Modular freestanding steel casework allows labs to reconfigure as workflows, equipment, or team sizes change. Workplace Modular Systems' modular lab workstations are built on standardized frames where any accessory can be removed or added after installation — shelving, storage cases, power strips, and overhead components all reposition without structural modification. For labs anticipating growth or process changes, specifying modular from the outset avoids costly reconfiguration later.

Utility Integration

Once the system type is set, utility routing is the next decision to lock in — before casework is ordered, not after. Coordination options include:

  • Vertical utility chases integrated into workstation legs (routing power, data, and gas from floor to overhead)
  • Overhead service panels for electrical, data, air, and gas accessed from above — 16-gauge panels designed to fit standard ceiling grids
  • Powertroughs and airtroughs mounted along the bench for surface-level utility access

Getting this sequence right keeps bench surfaces clear, eliminates trip hazards, and removes the expensive field modifications that follow when utilities are resolved as an afterthought.


Frequently Asked Questions

What spec section is casework?

Laboratory casework is typically specified under CSI MasterFormat Division 12, Section 12 35 53.13 – Metal Laboratory Casework for steel installations. Built-in casework integrated with architectural millwork may fall under Division 06 on some project documents — confirm with the project architect of record.

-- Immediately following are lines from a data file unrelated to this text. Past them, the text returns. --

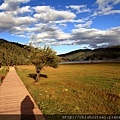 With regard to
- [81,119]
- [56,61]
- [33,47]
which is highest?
[33,47]

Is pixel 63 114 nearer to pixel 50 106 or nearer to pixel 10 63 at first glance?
pixel 50 106

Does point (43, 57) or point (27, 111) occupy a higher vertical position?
point (43, 57)

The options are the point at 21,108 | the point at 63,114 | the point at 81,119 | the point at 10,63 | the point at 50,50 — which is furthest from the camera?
the point at 10,63

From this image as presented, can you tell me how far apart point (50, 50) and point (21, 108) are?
17197mm

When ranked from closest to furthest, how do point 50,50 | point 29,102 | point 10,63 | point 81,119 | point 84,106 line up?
point 81,119 < point 84,106 < point 29,102 < point 50,50 < point 10,63

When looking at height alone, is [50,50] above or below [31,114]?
above

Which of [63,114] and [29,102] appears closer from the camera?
[63,114]

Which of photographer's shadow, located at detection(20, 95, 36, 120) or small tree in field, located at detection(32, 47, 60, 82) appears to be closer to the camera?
photographer's shadow, located at detection(20, 95, 36, 120)

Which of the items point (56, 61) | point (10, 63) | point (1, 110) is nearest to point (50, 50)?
point (56, 61)

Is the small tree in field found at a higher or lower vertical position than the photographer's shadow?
higher

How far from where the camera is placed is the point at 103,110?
1199cm

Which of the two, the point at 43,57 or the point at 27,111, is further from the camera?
the point at 43,57

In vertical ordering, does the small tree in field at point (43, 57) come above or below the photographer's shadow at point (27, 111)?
above

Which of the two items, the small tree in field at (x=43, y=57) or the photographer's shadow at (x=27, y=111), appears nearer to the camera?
the photographer's shadow at (x=27, y=111) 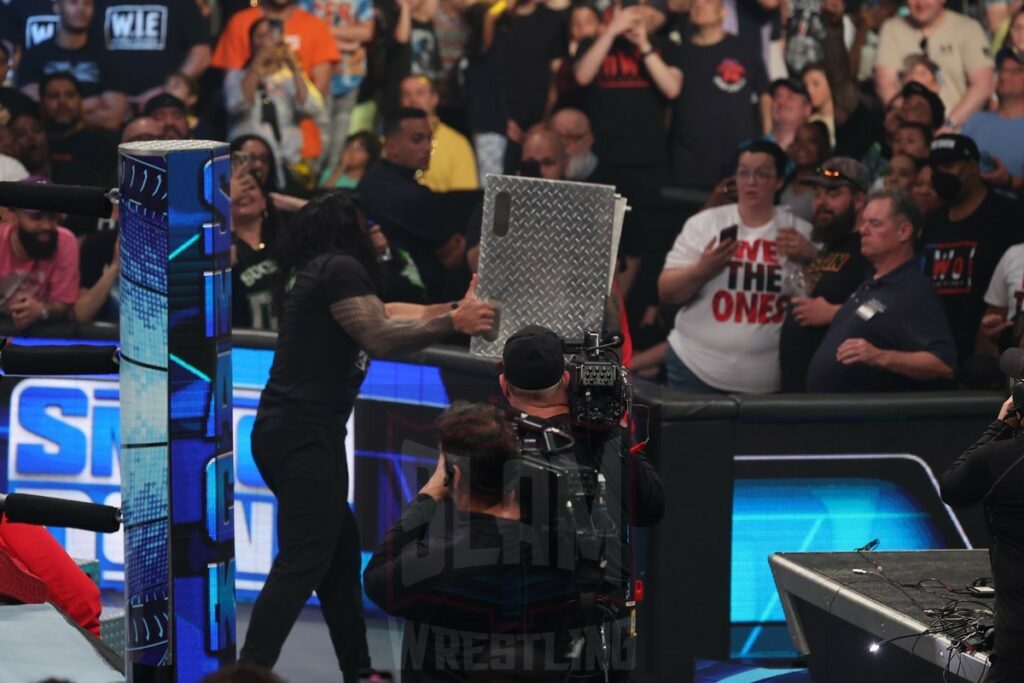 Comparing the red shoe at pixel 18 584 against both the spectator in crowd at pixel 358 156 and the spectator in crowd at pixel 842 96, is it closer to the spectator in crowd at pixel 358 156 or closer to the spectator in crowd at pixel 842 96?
the spectator in crowd at pixel 358 156

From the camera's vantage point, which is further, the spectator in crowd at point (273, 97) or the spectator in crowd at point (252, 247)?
the spectator in crowd at point (273, 97)

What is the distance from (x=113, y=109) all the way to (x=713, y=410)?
12.3 feet

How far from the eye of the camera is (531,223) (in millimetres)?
A: 4832

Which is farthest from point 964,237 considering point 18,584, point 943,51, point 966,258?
point 18,584

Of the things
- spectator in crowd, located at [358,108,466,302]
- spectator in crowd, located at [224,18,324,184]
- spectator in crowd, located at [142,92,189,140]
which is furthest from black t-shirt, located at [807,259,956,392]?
spectator in crowd, located at [142,92,189,140]

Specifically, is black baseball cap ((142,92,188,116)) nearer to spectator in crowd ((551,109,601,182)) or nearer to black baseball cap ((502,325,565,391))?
spectator in crowd ((551,109,601,182))

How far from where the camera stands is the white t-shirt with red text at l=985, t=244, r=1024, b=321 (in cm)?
642

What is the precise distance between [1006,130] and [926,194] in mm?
616

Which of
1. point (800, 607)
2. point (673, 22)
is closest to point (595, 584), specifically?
point (800, 607)

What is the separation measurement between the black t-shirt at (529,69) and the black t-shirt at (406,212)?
82cm

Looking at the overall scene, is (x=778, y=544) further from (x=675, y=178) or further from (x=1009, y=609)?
(x=675, y=178)

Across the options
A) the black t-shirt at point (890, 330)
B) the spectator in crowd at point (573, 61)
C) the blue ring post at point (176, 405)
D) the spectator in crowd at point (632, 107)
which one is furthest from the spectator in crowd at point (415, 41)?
the blue ring post at point (176, 405)

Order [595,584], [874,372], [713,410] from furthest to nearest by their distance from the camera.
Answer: [874,372] < [713,410] < [595,584]

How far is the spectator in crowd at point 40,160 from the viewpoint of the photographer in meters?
7.32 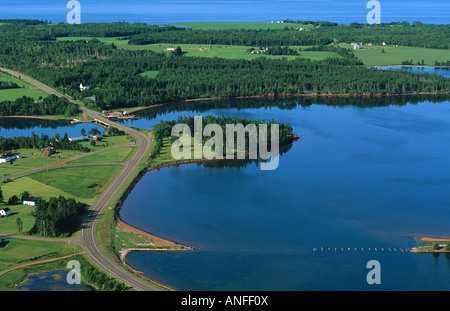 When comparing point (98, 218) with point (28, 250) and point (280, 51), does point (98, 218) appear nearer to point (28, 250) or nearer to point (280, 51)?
point (28, 250)

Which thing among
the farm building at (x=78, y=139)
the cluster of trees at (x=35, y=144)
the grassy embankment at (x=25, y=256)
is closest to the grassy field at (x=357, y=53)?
the farm building at (x=78, y=139)

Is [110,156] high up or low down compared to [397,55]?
down

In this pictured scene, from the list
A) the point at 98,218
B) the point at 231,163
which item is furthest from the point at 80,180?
the point at 231,163

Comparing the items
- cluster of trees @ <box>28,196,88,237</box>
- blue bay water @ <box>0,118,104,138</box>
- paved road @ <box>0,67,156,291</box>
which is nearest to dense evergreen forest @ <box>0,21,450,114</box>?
blue bay water @ <box>0,118,104,138</box>

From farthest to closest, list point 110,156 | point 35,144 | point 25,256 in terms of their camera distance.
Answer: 1. point 35,144
2. point 110,156
3. point 25,256

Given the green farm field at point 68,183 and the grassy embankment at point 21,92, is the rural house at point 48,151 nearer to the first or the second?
the green farm field at point 68,183

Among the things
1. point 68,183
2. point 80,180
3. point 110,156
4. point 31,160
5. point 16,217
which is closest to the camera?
point 16,217

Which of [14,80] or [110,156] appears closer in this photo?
[110,156]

What is the recommended layout for a laboratory?

The best layout depends on workflow. Perimeter layouts maximize open floor space and suit individual work; island layouts work for collaborative or high-volume processes. The governing principle is to sequence workstations to match the lab's actual process flow, from intake through analysis to storage.

What gauge steel is best for laboratory casework?

16-gauge is standard for structural components like rails and legs; 18-gauge is typical for cabinet bodies, doors, and drawer fronts. Specify a component-level gauge schedule rather than a single number, and require assembly-level SEFA 8M load test results to confirm actual capacity.

What is the difference between painted steel and stainless steel lab casework?

Painted (powder-coated) steel is cost-effective for general labs with moderate chemical exposure. Stainless steel — Grade 304 or 316 — is required for sterile, pharmaceutical, or clinical environments where the casework must withstand repeated sanitization with harsh disinfectants and broad chemical exposure.

What is SEFA 8 compliance and why does it matter?

SEFA 8M-2016 is the Scientific Equipment and Furniture Association's performance standard for metal lab casework, covering structural load testing, finish chemical resistance (49 reagents), and hardware durability (50,000 drawer cycles, 100,000 door cycles). Require SEFA 8M compliance with third-party test reports in your spec to confirm real-world performance.

Can steel laboratory casework be reconfigured after installation?

Modular freestanding steel casework — like the systems Workplace Modular Systems manufactures — can be relocated, reconfigured, and accessorized at any time, making it the right choice for labs anticipating growth or workflow changes. Fixed welded or anchored casework is permanent and cannot be adapted after installation.